== Segment start ==

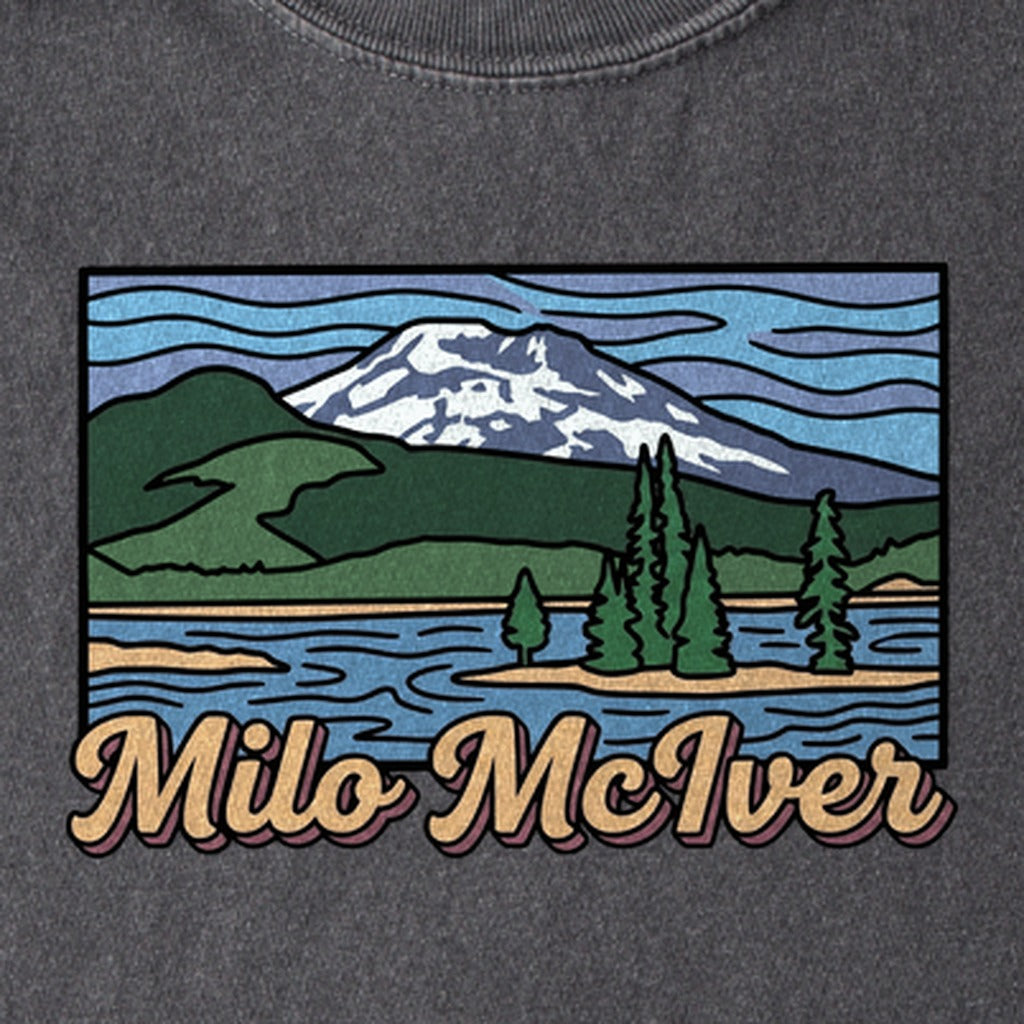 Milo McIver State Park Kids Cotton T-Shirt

== Segment end ==
== Segment start ==

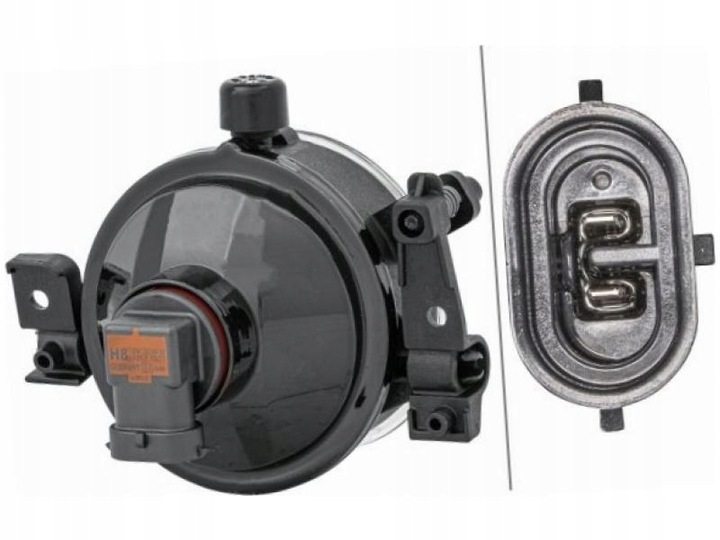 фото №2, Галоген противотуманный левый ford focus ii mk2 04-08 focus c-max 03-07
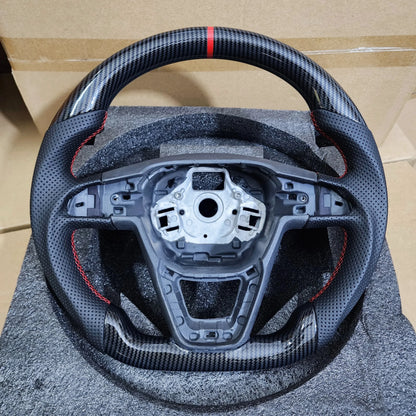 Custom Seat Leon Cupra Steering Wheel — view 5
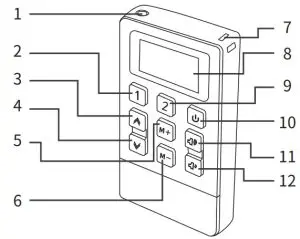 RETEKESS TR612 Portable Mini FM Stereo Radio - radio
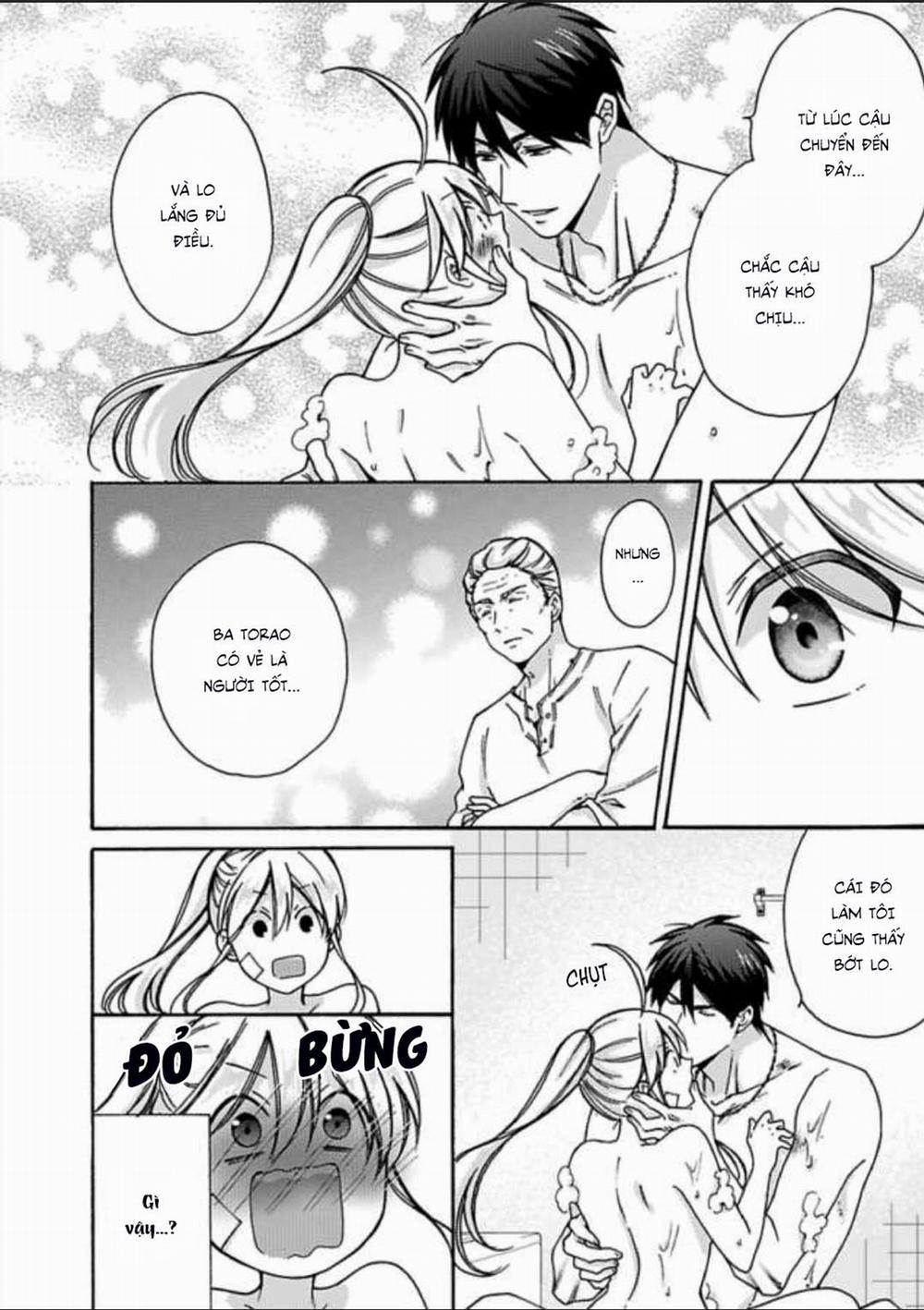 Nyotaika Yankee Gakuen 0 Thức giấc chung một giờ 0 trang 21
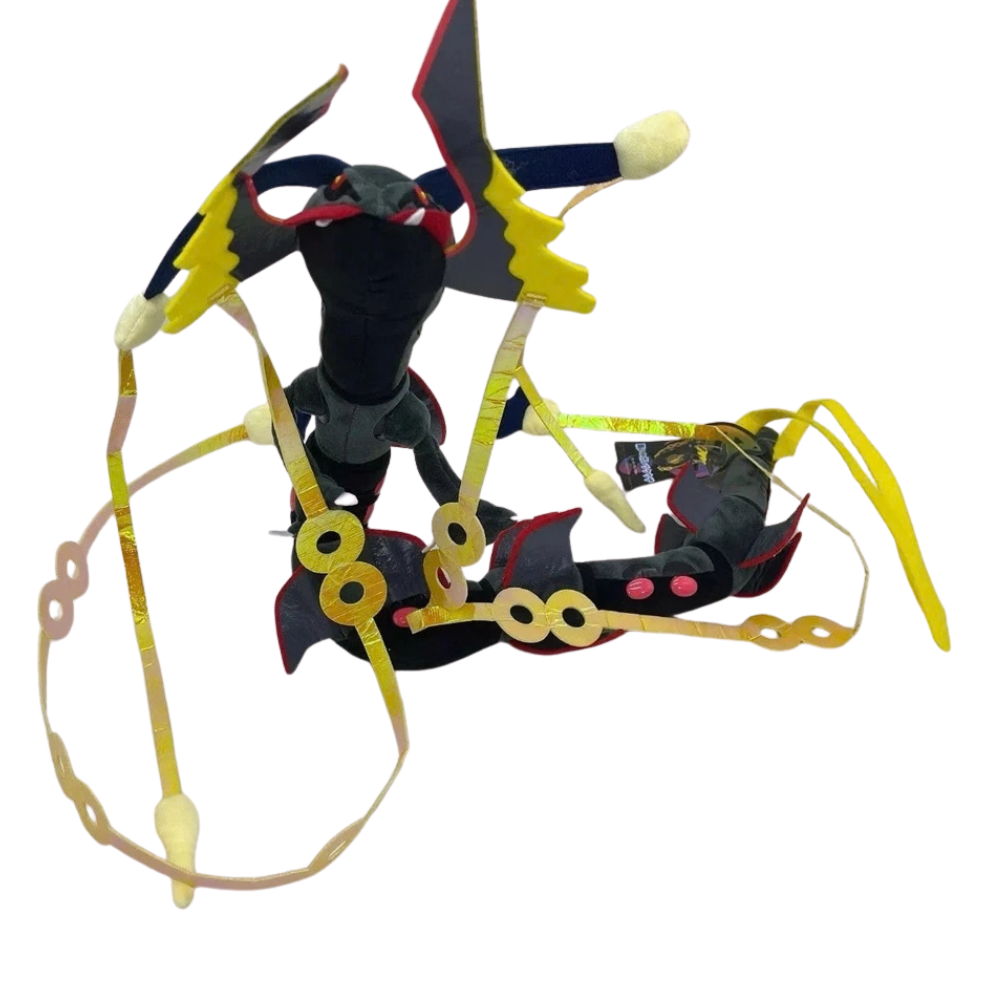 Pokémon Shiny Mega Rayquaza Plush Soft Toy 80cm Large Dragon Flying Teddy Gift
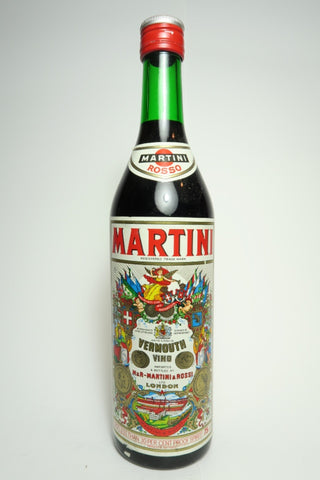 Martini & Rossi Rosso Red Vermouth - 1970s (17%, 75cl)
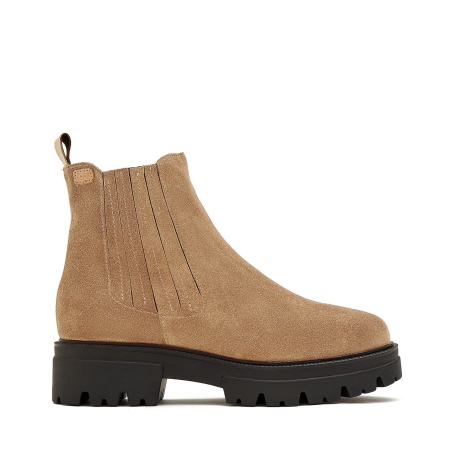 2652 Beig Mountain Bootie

== Segment end ==

* [Exercise prompt] Beginning with the line that contains "Martini & Rossi" and ending with the line that contains "2652 Beig Mountain Bootie", reproduce the listing exactly, pictures excluded.

* [Task result]
 Martini & Rossi Rosso Red Vermouth - 1970s (17%, 75cl)
 2652 Beig Mountain Bootie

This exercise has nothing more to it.